Recycling Existing Artifacts

The most common mistake is to reuse an existing API without understanding whether it is suitable. In some cases, you can make the trade-off of using a result-set filter to clean the data for the MBO if the cost is reasonable. This filtering does not eliminate the cost of retrieving data from the EIS and filtering it out. Every part of the pipeline impacts performance and influences data loading efficiency. The best interface is always based on your requirement rather than a design intended for a separate purpose.

Pull Versus Push

Since push-style data retrieval is performed by HTTP with JSON content, optimized interfaces like JDBC or JCo are often more suitable for high-volume data transfer. Pull-style data retrieval requires the same amount of data to be transferred during refresh, and then compares changes with what is currently in the CDB. If data volume is large, the cost can be overwhelming, even with an optimized interface. DCN can efficiently propagate changes from the EIS to the CDB. However, mixing DCN and other refresh mechanisms is generally not supported. When refresh and DCN collide, race conditions can occur, leading to inconsistent data.

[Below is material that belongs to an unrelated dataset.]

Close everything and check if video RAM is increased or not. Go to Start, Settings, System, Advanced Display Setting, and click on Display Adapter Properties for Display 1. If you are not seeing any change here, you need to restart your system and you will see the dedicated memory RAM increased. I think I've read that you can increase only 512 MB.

You can load data using a pull strategy, then switch to DCN for updates. The key is to make sure the transition between pull and push is orchestrated correctly with the EIS so updates are not missed between the time the pull ends and the push begins. Initial loading can be triggered by device users by way of the on-demand cache group policy, or with a scheduled cache group policy that has a very small interval, which then changes to an extremely large interval once data loads.

It is not advisable to use a very large DCN message for updates. Processing a large DCN message requires a large transaction, significant resources, and a reduction in concurrency.

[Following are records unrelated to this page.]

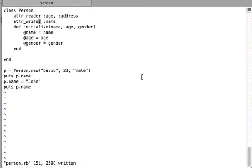In this video we will have a look at attribute accessor methods. In the previous videos we saw that there is attribute_reader, which helps you write reader methods for attributes.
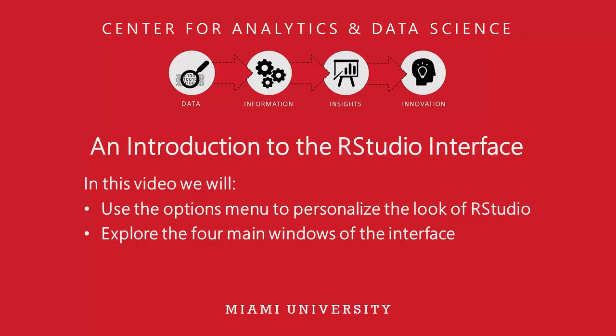In this video, we will explore the RStudio interface. First, the Options menu will be introduced, and you'll see how to personalize the appearance of the interface. Then we will cover some details pertaining to the four main windows of RStudio.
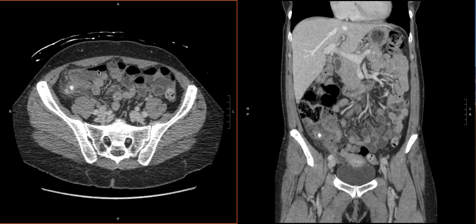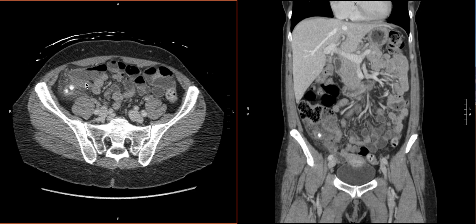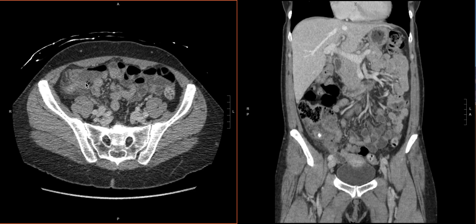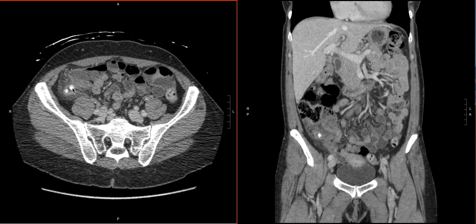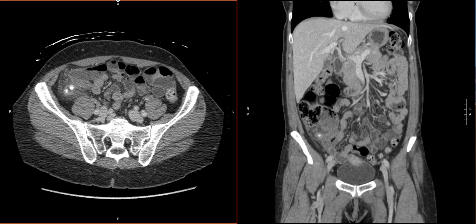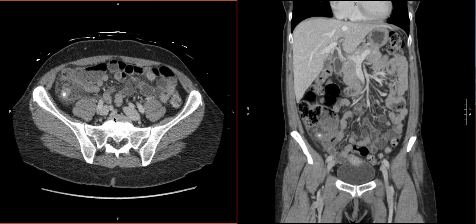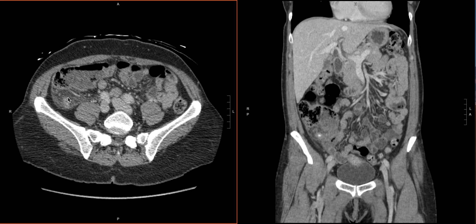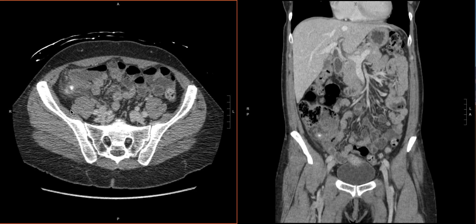Now we know that we're not dealing with something like a terminal ileitis, which can look similar at a glance. Instead, we have to look and find the appendix. In this case, it's coming off right here. What helps us are these large appendicoliths, but even if we didn't have that, we would know where to look. We can co-localize and find it on the coronal as well, confirming that this structure is the appendix and not the terminal ileum — so we've oriented ourselves.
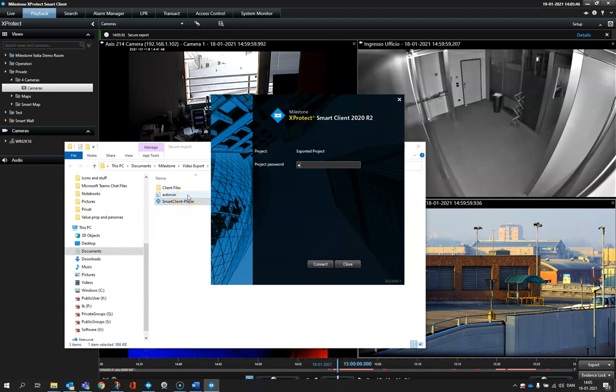Once the export is finalized, the receiver will need to type in the same password to see it in the smart client player.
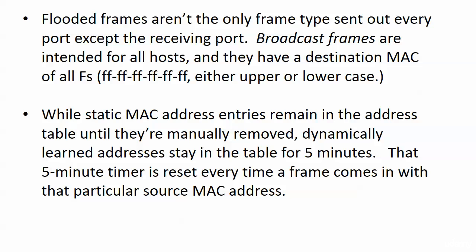Now, I know you were thinking when we were doing our walkthrough, that's fine, but how long do those dynamically learned addresses stay in the table? Well, while static MAC address entries remain in the address table until they're manually removed, dynamically learned addresses stay in the table for five minutes. That's the default. And I usually say 300 seconds, not to be cute or show you my command of knowing how many seconds are in a minute. But as you'll see, when we change that, the command actually uses seconds. That's something we got to watch out for, but five minutes, 300 seconds, however you want to put it. And that five minute timer is reset every single time a frame comes in with that particular source MAC address.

Cache Group and Data Loading

Cache groups are the tuning mechanism for data loading. Within a package, there can be multiple groups of MBOs that have very different characteristics that require their own loading strategy. For example, it is common to have transactional and reference data in the same package. Multiple cache groups allow fine-tuning which data in a package is loaded into the CDB independent of other cache groups.

Using Cache Partitions

Cache partitions increase performance by enabling parallel loading and refresh, reducing latency, supporting on-demand pull of the latest data, and limiting scope invalidation. You must determine whether a partitioned-cache makes sense for the mobile application. The mobile application may not be able to function without the entire set of reference data, and partitioning is a viable alternative. However, even if a cache partition is not the right approach, it may still be worth considering if you can apply the concept of horizontal partition. A cache partition uses vertical partitioning. In horizontal partitioning, with a hierarchy, you may not need to load the entire object graph to start as long as some levels can be pulled on demand. By using additional cache groups, you can potentially avoid a large data load.

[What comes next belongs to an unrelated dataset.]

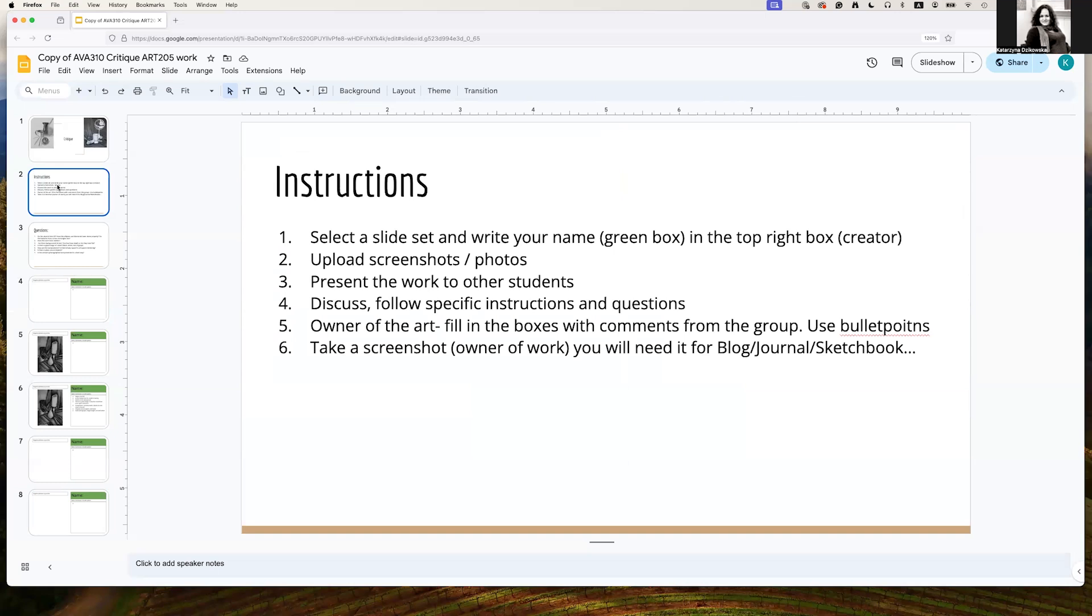As an owner of the artwork, it's your responsibility to fill the comments that you get from the group. Use bullet points. You don't have to use full sentences. This usually is going to end up as an entry in your digital sketchbook.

A cache partition is a set of MBO instances that correspond to a particular partition key. The loading of the MBOs is achieved through synchronization parameters mapped to result affecting load arguments.

DCN and Partitions

There is only one partition for the DCN cache group policy. When a synchronization group maps to a DCN cache group, the synchronization parameters are used only for filtering against the single partition. In addition, the single partition of the MBO cache in the DCN cache group should always be valid, and you should not use an "Invalidate the cache" cache policy for any MBO operations.